Here’s our conversation.

Advertisement

Kevin Broccoli: I was lucky enough to see the play in previews, but it was already clear that a really strong ensemble had formed, which is especially impressive knowing that some of you have probably never worked together until this production. Can you talk a little bit about what sort of work you did in rehearsal to create that unity that’s so visible onstage?

Joe Wilson Jr.: Quite frankly it started with the play. It started with this play that assembled and required African-American actors to come together and tell this epic story. The opportunity for actors of color to be able to work on this kind of material with each other is a rare thing. We, the American theater, have been struggling to expand our canon and continue to expand our canon, and we’ve done it by embracing new playwrights and other voices, but we have a lot of work to do when it comes to having a full representation of stories. But yes, the play was the thing. And the event was having nine actors of color come into a space and tell a story that was by and for them. We don’t have that opportunity very often, so that in and of itself became a wonderful galvanizing tool for our project. And I think what made our process very special and different was that Jude Sandy and I co-directed this production. I don’t know if that’s ever been done at Trinity Rep while both directors were also in the show. I think that forced Jude and me to be open and transparent with every member of the company. To be a voice and a sounding board. We weren’t looking to have typical actor/director relationships. When you get us all in a room we all have license and agency and ideas, so we created a process of openness and transparency out of necessity.  So we needed very early on to create a sense in the room that everyone had to have ownership of their work, because of the nature of our process. Remarkably, from day one, our room was open and empathetic and compassionate and honest and celebratory. We laughed a lot. We were able to look around the room and see that just us being in the room together was indeed special, and we had in our hands a remarkable piece of writing.

KB: The play is this gorgeous, sprawling epic that’s sort of like a kaleidoscope of history, folklore and mythology. It’s the sort of ambitious work some theaters are afraid to tackle, so I was thrilled to see it onstage at Trinity. What was your first experience with the piece? Did you find it and bring it to others at Trinity or was it given to you?
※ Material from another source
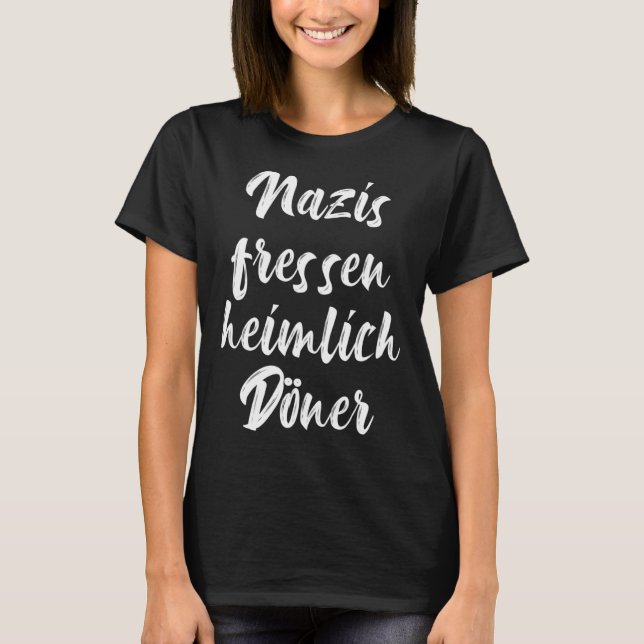 Nazis secretly eat doner against Nazis anti racism T-Shirt (Front)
JW: This play was chosen a year ago and I wasn’t a part of that process. I knew I would be in the show, and due to unforeseen circumstances, the original director was no longer able to be part of the production. So with a month to go, it became a matter of all hands on deck. My first impulse was to say to Curt [Columbus, Trinity’s artistic director], “Maybe let’s try having Jude and I co-direct it,” and Curt thought it would be an incredible idea. So Jude and I had to switch our hats from actors to directors. First we had to cast the play and we had to make sure our design team was still onboard. Jude and I then had to go into crash course mode of re-reading and re-reading the play over and over again. We literally had a month to figure this all out. Casting was a challenge. It required a lot of phone calls, it required a lot of people being recommended to us. We’re discovering that as an institution we can’t just do this work in a vacuum. It requires years of relationship building the same way we build relationships with our audiences. If you don’t have the internal support and the external support, there’s no way we could have pulled this off. If we didn’t have existing relationships that we built over the course of years to have the people in those relationships trust us enough and believe in us enough, there’s just no way. So I credit my institution and the work we’ve done with community engagement.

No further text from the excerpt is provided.